"Oh, you dear foolish people!" cried Ann in despair. "Why don't you announce your engagement in the Times and discourage the line once and for all?"

"Of course!" said Kenny and looked at Joan.

"I shouldn't mind at all," said Joan, coloring.

Whereat Kenny called up the Times office, and the Holbein Club went mad with delight. Jan, without meaning to, got very drunk and shocked himself, and Margot made the ring. She did not know why Kenny wanted the golden circlet barred crosswise like a frail ladder. Nor why he insisted upon a cluster of wistaria set in amethysts.

Even then misgivings sent him to Ann in a panic of conscience.

"Am I ungenerous?" he demanded. "Perhaps Joan should have had a year of utter freedom. You know what I mean, Ann. To come and go as she pleases and with whom she pleases. She's so young." He flushed.

"Joan wouldn't have it different," said Ann, touched by the boyish wistfulness of his eyes. "She clings to you. And she's as shy and unspoiled as the day you brought her here.
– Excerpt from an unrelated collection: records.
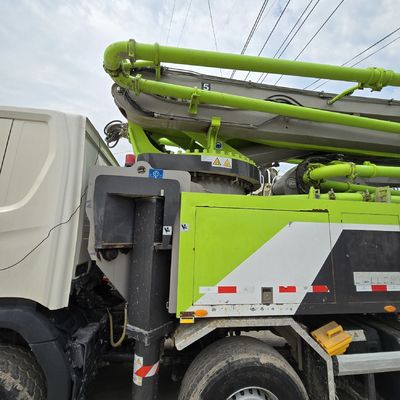 Reifen und umgerüstete Pumptrucks für Weißes Sinotruk-Fahrwerk im Frontlifting-Stil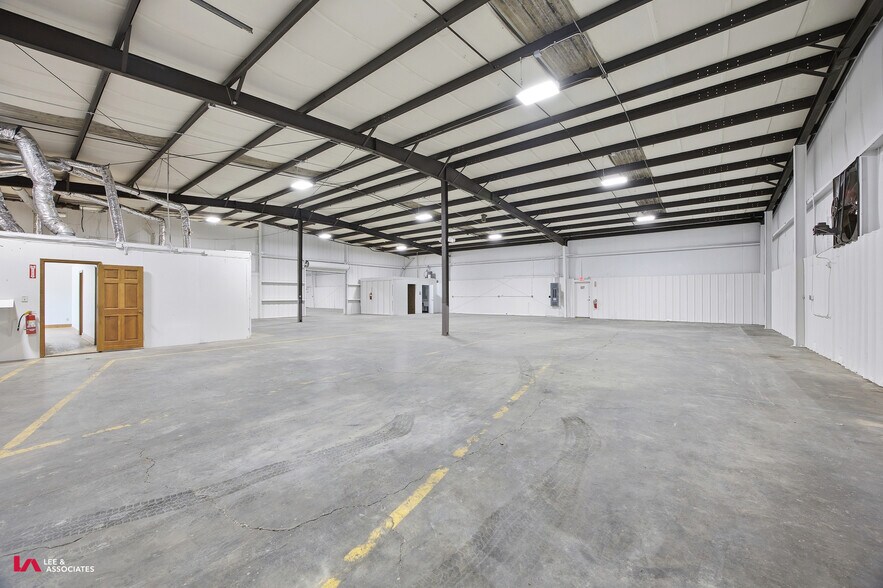 More Photos Of 1500 Union Hill Rd, Alpharetta Manufacturing For Lease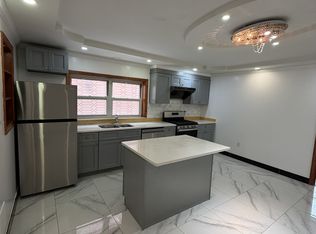 1318 Mace Ave #1, Bronx, NY 10469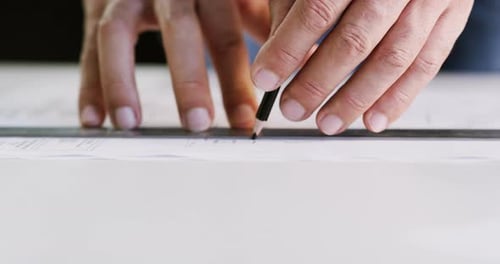 Hände, Bleistift und Lineal zum Zeichnen auf Papier, Entwurf und Konstruktion eines technischen Projekts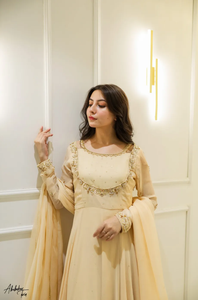 Anarkali en or massif orné à la main avec des vêtements indiens et pakistanais Gharara et Dupatta - Product Image 6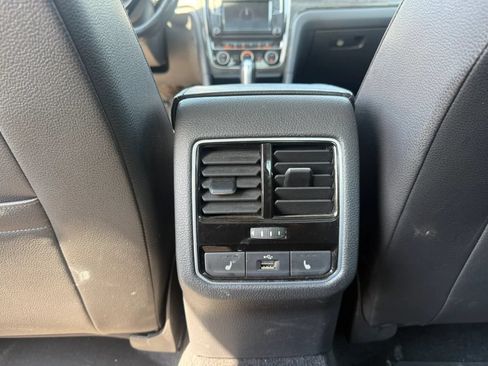 Used 2017 Volkswagen Passat 1.8T SE FWD image 12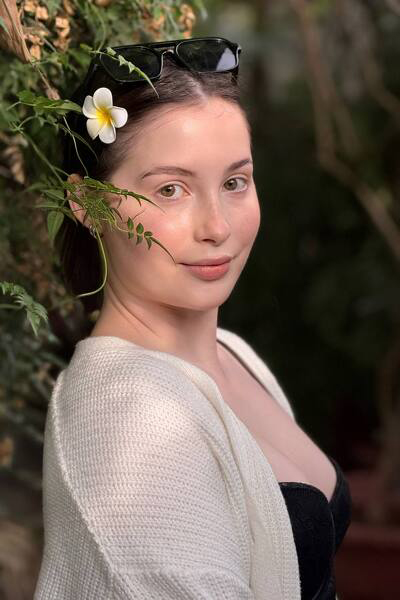 Enthralling Mystery: Arina, 20 y.o. from Kyiv, Ukraine — VeronikaLove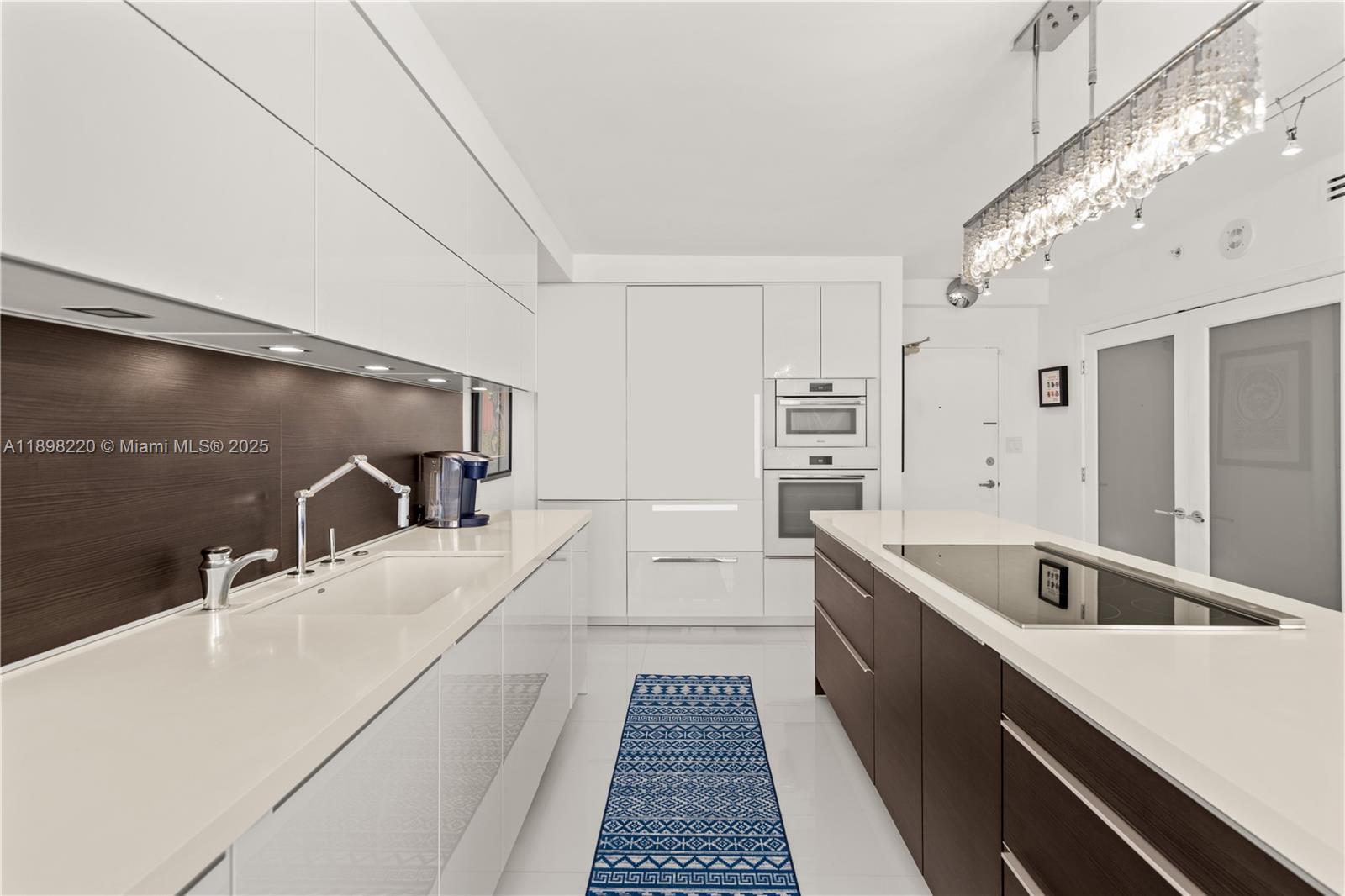 THE DECOPLAGE CONDO - Residential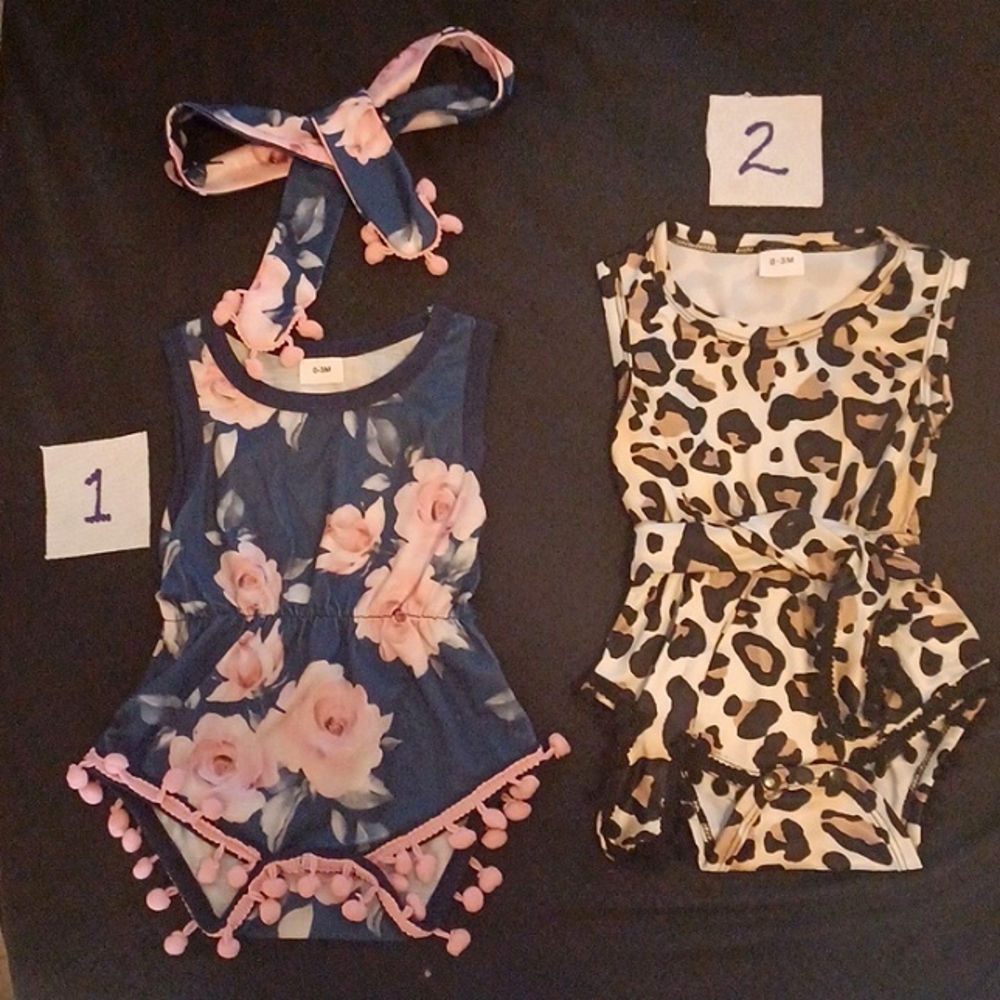 *Baby Girl Bodysuit Bundle* size 0-3 months w/matching ribbons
This flurry of admiration to her means nothing at all. She's unhappy with strangers."

Kenny knew it was true and marveled.

"I would like to be generous," he admitted with an effort. "But I can't. It's the simple truth, Ann, I can't. Even the thought of her liking other men—bothers me."

December was fated to hold for him another startling anticlimax. It came one snowy morning when he had slept even later than usual, dreaming of an iridescent balloon that climbed higher and higher with Joan peeping radiantly over the edge until at the peal of the telephone bell it disappeared entirely.